● Work instruction: Output only the lines below from the one holding "Imagem de Transistor" down to the one holding "OSCAR Forever Midnight", both end lines included and every picture dropped.

● Entries supplied:
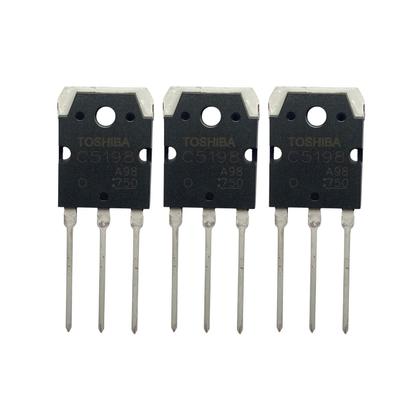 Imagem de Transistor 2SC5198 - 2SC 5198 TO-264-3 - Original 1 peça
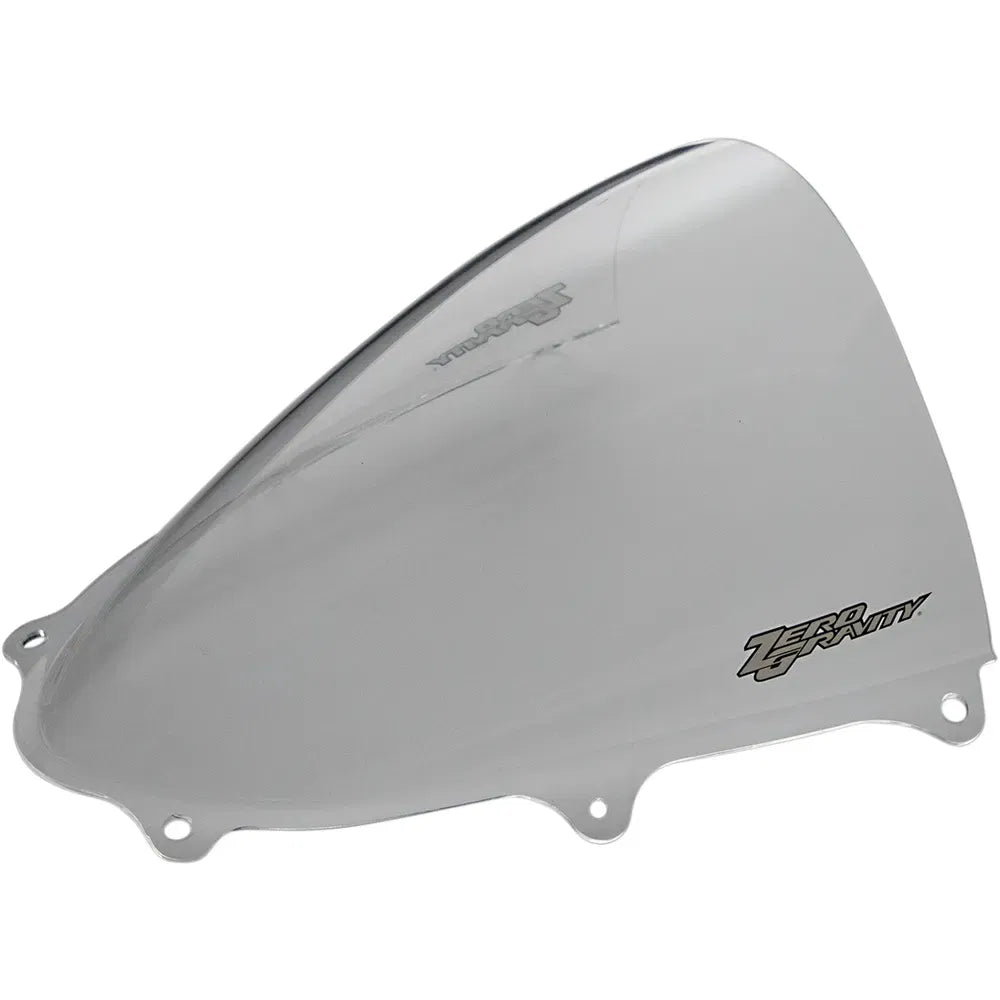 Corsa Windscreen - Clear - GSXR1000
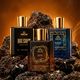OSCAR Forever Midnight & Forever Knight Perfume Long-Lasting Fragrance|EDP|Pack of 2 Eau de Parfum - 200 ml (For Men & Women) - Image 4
==
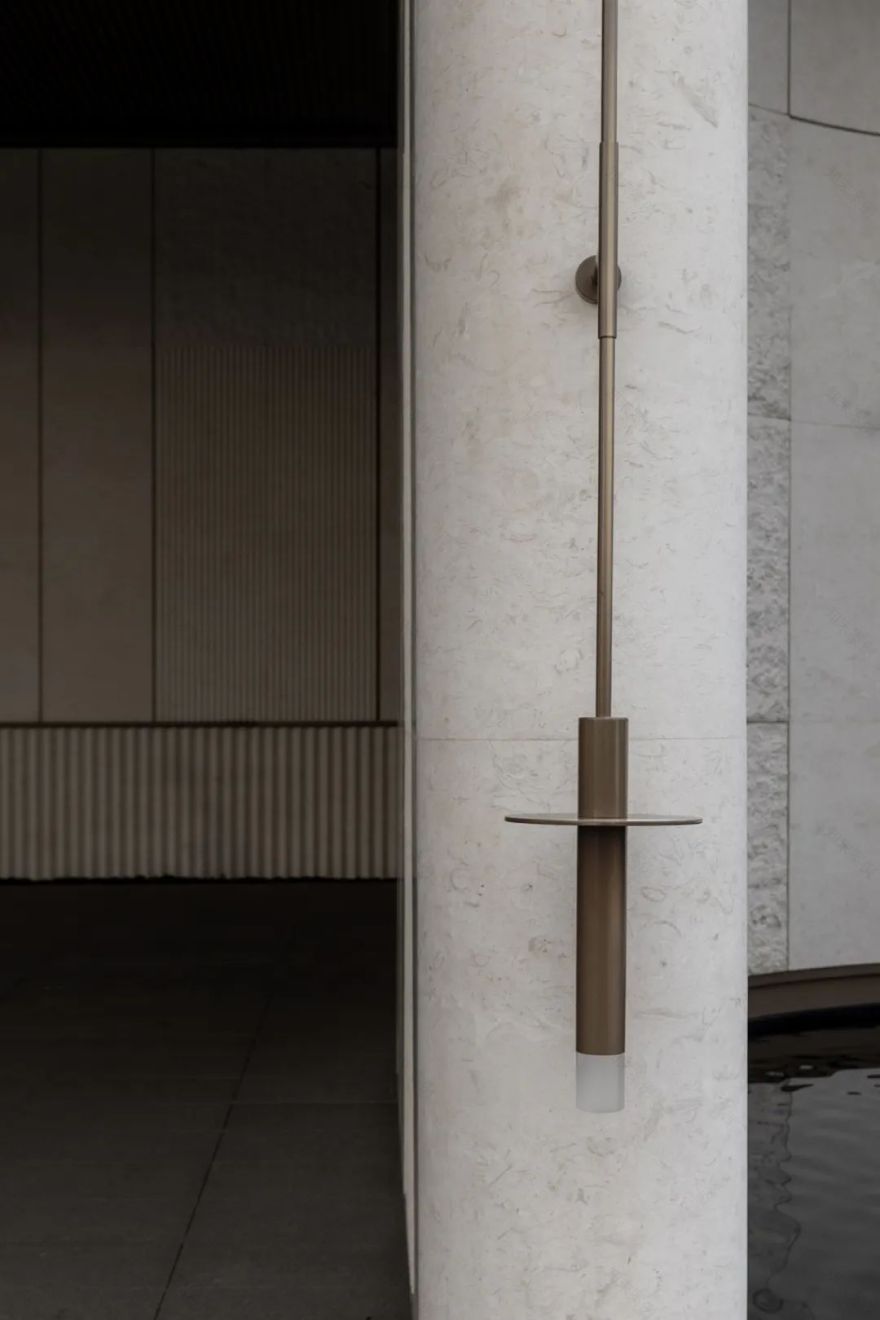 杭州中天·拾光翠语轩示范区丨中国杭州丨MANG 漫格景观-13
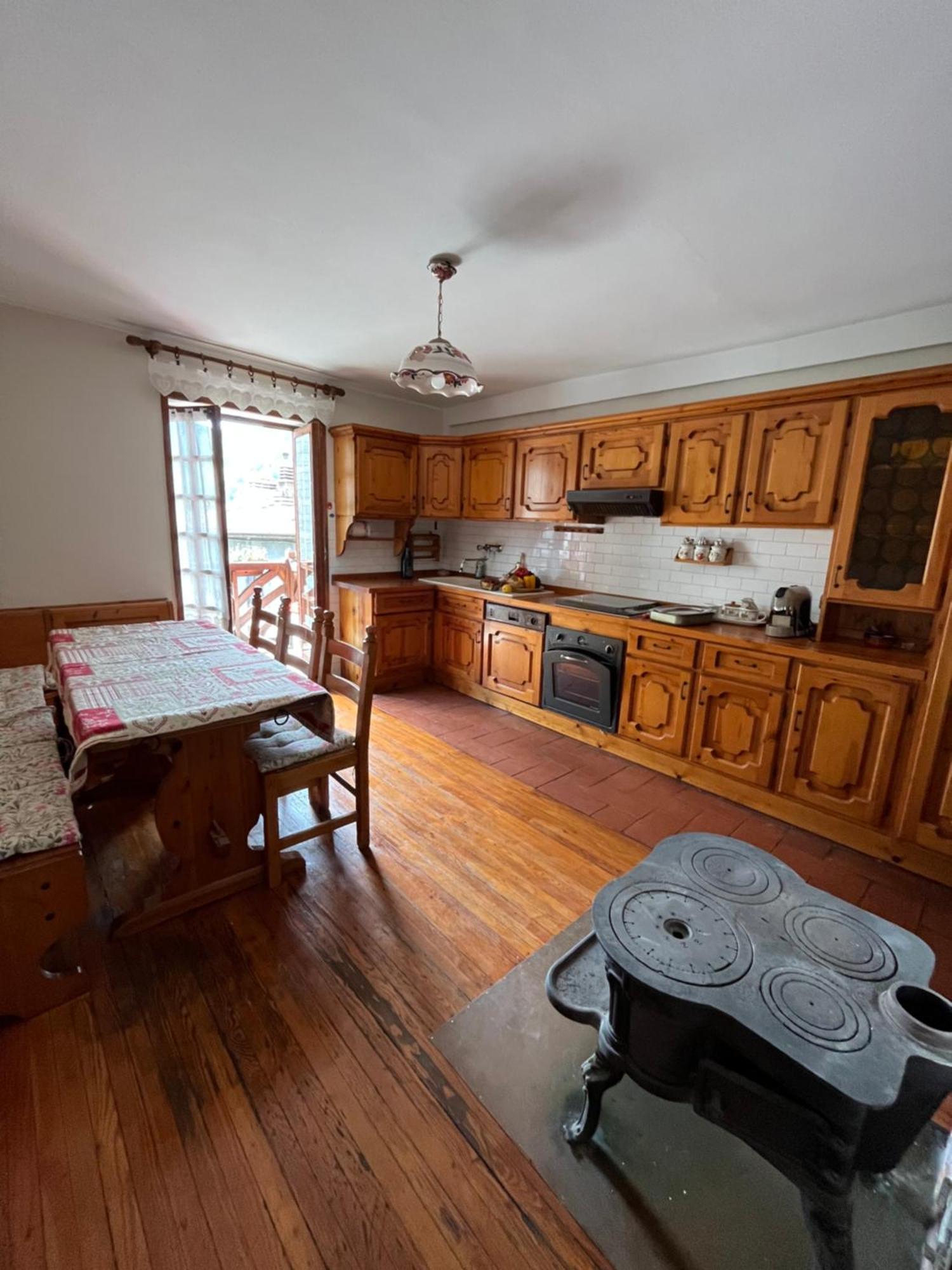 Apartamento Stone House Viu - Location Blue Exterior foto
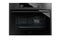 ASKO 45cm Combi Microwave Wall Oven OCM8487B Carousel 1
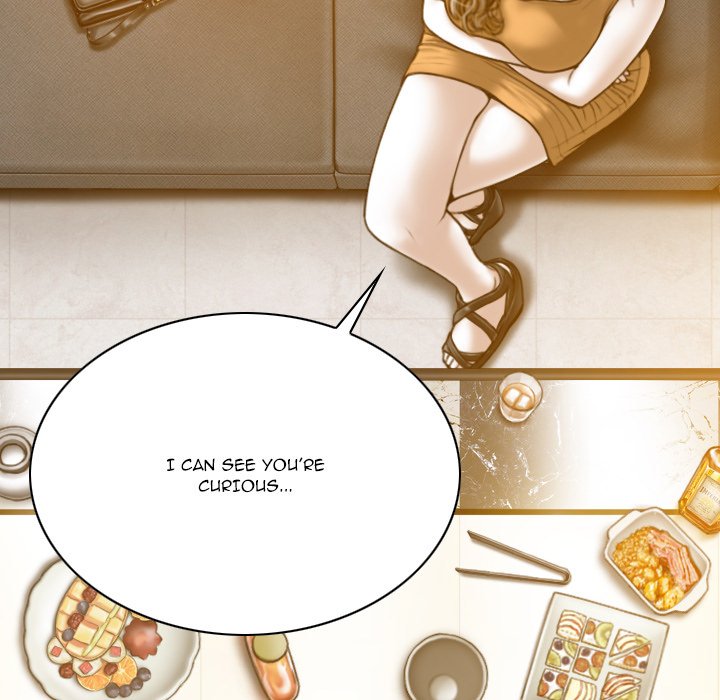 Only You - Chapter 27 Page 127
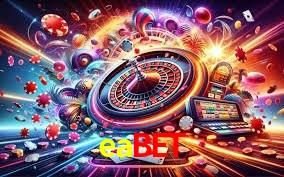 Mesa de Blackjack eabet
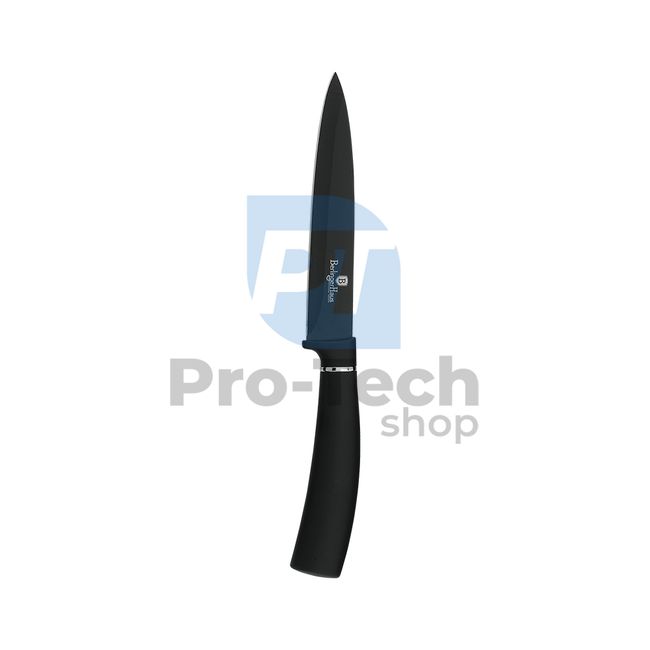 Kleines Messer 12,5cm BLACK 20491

● Result of this task:
 Imagem de Transistor 2SC5198 - 2SC 5198 TO-264-3 - Original 1 peça
 Corsa Windscreen - Clear - GSXR1000
OSCAR Forever Midnight & Forever Knight Perfume Long-Lasting Fragrance|EDP|Pack of 2 Eau de Parfum - 200 ml (For Men & Women) - Image 4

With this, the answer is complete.